They may need to be resent, since I'm not sure there is a single patch
series that contains all the patches.

--Steve
Kalra, Ashish Aug. 18, 2021, 12:04 a.m. UTC | #3
Hello Steve,

On Tue, Aug 17, 2021 at 03:50:22PM -0700, Steve Rutherford wrote:
> On Tue, Jun 29, 2021 at 8:14 AM Ashish Kalra <Ashish.Kalra@amd.com> wrote:
> >
> > From: Ashish Kalra <ashish.kalra@amd.com>
> >
> > Reset the host's shared pages list related to kernel
> > specific page encryption status settings before we load a
> > new kernel by kexec. We cannot reset the complete
> > shared pages list here as we need to retain the
> > UEFI/OVMF firmware specific settings.
> >
> > The host's shared pages list is maintained for the
> > guest to keep track of all unencrypted guest memory regions,
> > therefore we need to explicitly mark all shared pages as
> > encrypted again before rebooting into the new guest kernel.
> >
> > Signed-off-by: Ashish Kalra <ashish.kalra@amd.com>
> > ---
> >  arch/x86/kernel/kvm.c | 25 +++++++++++++++++++++++++
> >  1 file changed, 25 insertions(+)
> >
> > diff --git a/arch/x86/kernel/kvm.c b/arch/x86/kernel/kvm.c
> > index a014c9bb5066..a55712ee58a1 100644
> > --- a/arch/x86/kernel/kvm.c
> > +++ b/arch/x86/kernel/kvm.c
> > @@ -869,10 +869,35 @@ static void __init kvm_init_platform(void)
> >         if (sev_active() &&
> >             kvm_para_has_feature(KVM_FEATURE_MIGRATION_CONTROL)) {
> >                 unsigned long nr_pages;
> > +               int i;
> >
> >                 pv_ops.mmu.notify_page_enc_status_changed =
> >                         kvm_sev_hc_page_enc_status;
> >
> > +               /*
> > +                * Reset the host's shared pages list related to kernel
> > +                * specific page encryption status settings before we load a
> > +                * new kernel by kexec. Reset the page encryption status
> > +                * during early boot intead of just before kexec to avoid SMP
> > +                * races during kvm_pv_guest_cpu_reboot().
> > +                * NOTE: We cannot reset the complete shared pages list
> > +                * here as we need to retain the UEFI/OVMF firmware
> > +                * specific settings.
> > +                */
> > +
> > +               for (i = 0; i < e820_table->nr_entries; i++) {
> > +                       struct e820_entry *entry = &e820_table->entries[i];
> > +
> > +                       if (entry->type != E820_TYPE_RAM)
> > +                               continue;
> > +
> > +                       nr_pages = DIV_ROUND_UP(entry->size, PAGE_SIZE);
> > +
> > +                       kvm_hypercall3(KVM_HC_MAP_GPA_RANGE, entry->addr,
> > +                                      nr_pages,
> > +                                      KVM_MAP_GPA_RANGE_ENCRYPTED | KVM_MAP_GPA_RANGE_PAGE_SZ_4K);
> > +               }
> > +
> >                 /*
> >                  * Ensure that _bss_decrypted section is marked as decrypted in the
> >                  * shared pages list.
> > --
> > 2.17.1
> >
> I believe this entire series has been reviewed. Is there any appetite
> to queue these for 915?
> They may need to be resent, since I'm not sure there is a single patch
> series that contains all the patches.
> 

I believe that there are couple or more patches still pending an ACK.
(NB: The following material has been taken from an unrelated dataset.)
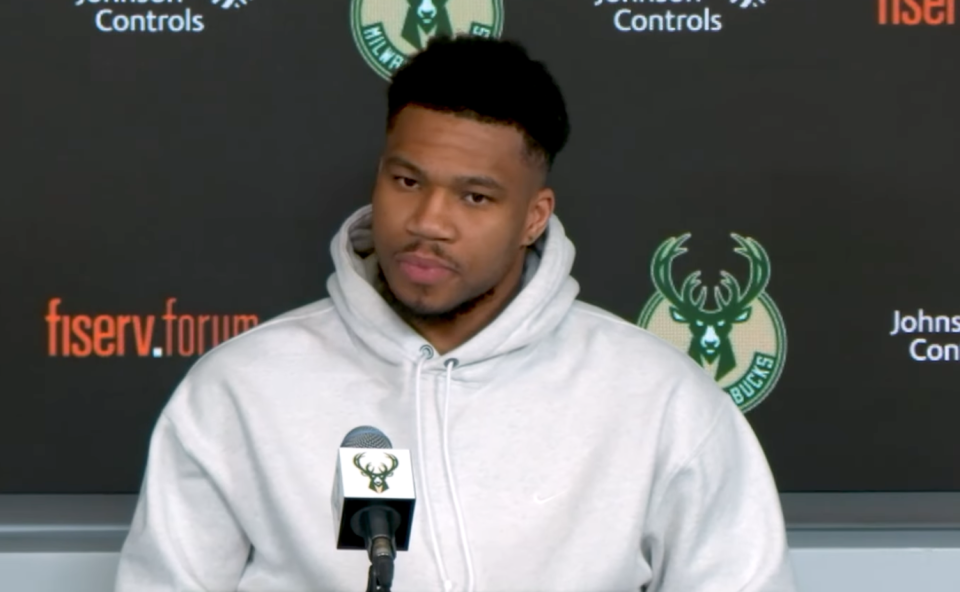 雷速直播-字母哥遭遇十五连败，DWG教练面临压力！的简单介绍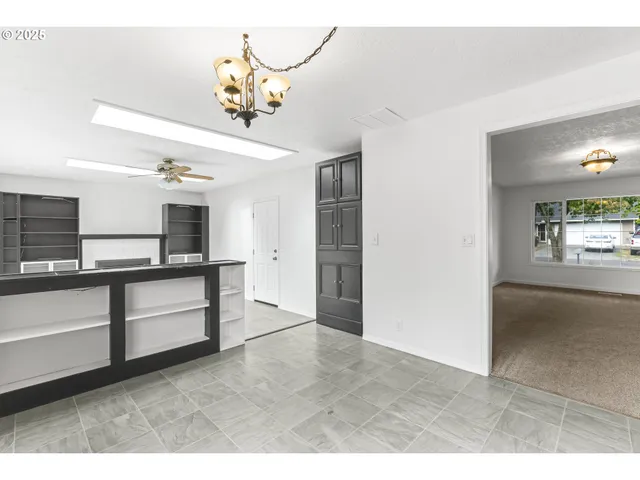 $496,950 | 2020 Southwest Laura Court, Troutdale, OR 97060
Patch#1 of this series which basically inverts the KVM hypercall from
VMCALL to VMMCALL probably needs an ack from either Sean or 
Paolo.

While Patch #4 was ack'ed by Boris, it still has a dependency on Patch
#1. 

Patch #5 & #6 need to be ack'ed by Boris, again have dependency on Patch
#1.

I am more than happy to send this guest kernel and guest API patch-set
for live migration again.

Please note that this guest kernel and guest API patch-set which is
essentially guest hypercall invocations are needed for both in-guest
migration and PSP based migration as they are used for tracking guest
page(s) encryption status.

Thanks,
Ashish
diff mbox series

Patch

diff --git a/arch/x86/kernel/kvm.c b/arch/x86/kernel/kvm.c
index a014c9bb5066..a55712ee58a1 100644
--- a/arch/x86/kernel/kvm.c
+++ b/arch/x86/kernel/kvm.c
@@ -869,10 +869,35 @@  static void __init kvm_init_platform(void)
 	if (sev_active() &&
 	    kvm_para_has_feature(KVM_FEATURE_MIGRATION_CONTROL)) {
 		unsigned long nr_pages;
+		int i;
 
 		pv_ops.mmu.notify_page_enc_status_changed =
 			kvm_sev_hc_page_enc_status;
 
+		/*
+		 * Reset the host's shared pages list related to kernel
+		 * specific page encryption status settings before we load a
+		 * new kernel by kexec. Reset the page encryption status
+		 * during early boot intead of just before kexec to avoid SMP
+		 * races during kvm_pv_guest_cpu_reboot().
+		 * NOTE: We cannot reset the complete shared pages list
+		 * here as we need to retain the UEFI/OVMF firmware
+		 * specific settings.
+		 */
+
+		for (i = 0; i < e820_table->nr_entries; i++) {
+			struct e820_entry *entry = &e820_table->entries[i];
+
+			if (entry->type != E820_TYPE_RAM)
+				continue;
+
+			nr_pages = DIV_ROUND_UP(entry->size, PAGE_SIZE);
+
+			kvm_hypercall3(KVM_HC_MAP_GPA_RANGE, entry->addr,
+				       nr_pages,
+				       KVM_MAP_GPA_RANGE_ENCRYPTED | KVM_MAP_GPA_RANGE_PAGE_SZ_4K);
+		}
+
 		/*
 		 * Ensure that _bss_decrypted section is marked as decrypted in the
 		 * shared pages list.